Another glass bead melt

At a local SCA event this weekend we set up two bead furnaces - the standard oval and one of the newer teapot style. We spent the day Saturday working with new people giving them a chance to try making a bead in the oval, while squeezing in a little time to try a couple of things ourselves.

Quick summary
- two annealing areas - between the chimneys & the crucible in the side. The pot on top reached a temperature of 695C (1283F) while the crucible reached 598C (1108F). Both of these temperatures are well above the 900F we need for annealing. In fact we had a problem with one bead (it picked up a lot of the vermiculite we had in the pot) this might have happened due to the glass getting too hot. This needs to be retested with ash as the insulator rather than the modern vermiculite.

- Much better success rate - 25 beads survived, 13 broke. Given the number of first time bead makers this is pretty good. It will be interesting to see what happens when we can do a run with just experienced bead makers for a day. I'd like to see a higher overall number of beads and a higher success rate.

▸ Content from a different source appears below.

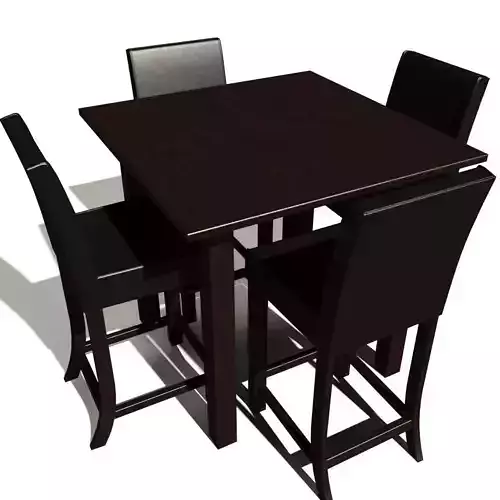 Table And Chair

- Maintaining a useful temperature is HARD in these furnaces. A charcoal load gives time to make a single bead at each side. Tiny changes in the direction of air inflow can make big changes. We need a method of slowing adding charcoal to try to keep a more consistent temperature rather than adding a bunch waiting for it to heat up, the making a bead and repeating. We also need to track the stability of the temperatures in the annealing area rather than just the single point reading I snuck in.

- The teapot furnace had even more difficulties. The fuel load was small enough, and the airflow directed enough that the fuel in the middle of the base burned off but the fuel around the outside wouldn't move in. This implies a cone shaped bottom to help the fuel flow better. In addition the crucible in the spout was not a great fit meaning more heat escaped around it than came out the chimney when it was intended.

- In the oval furnace the smaller chimneys meant working in the chimney was more effective than working in the ports - at least when working with rods. The tesserae require a different approach.

- Darrell had some real luck working with tesserae creating 3 good sized beads that survived. We think we have a solid working method for this, now we just need to test it further.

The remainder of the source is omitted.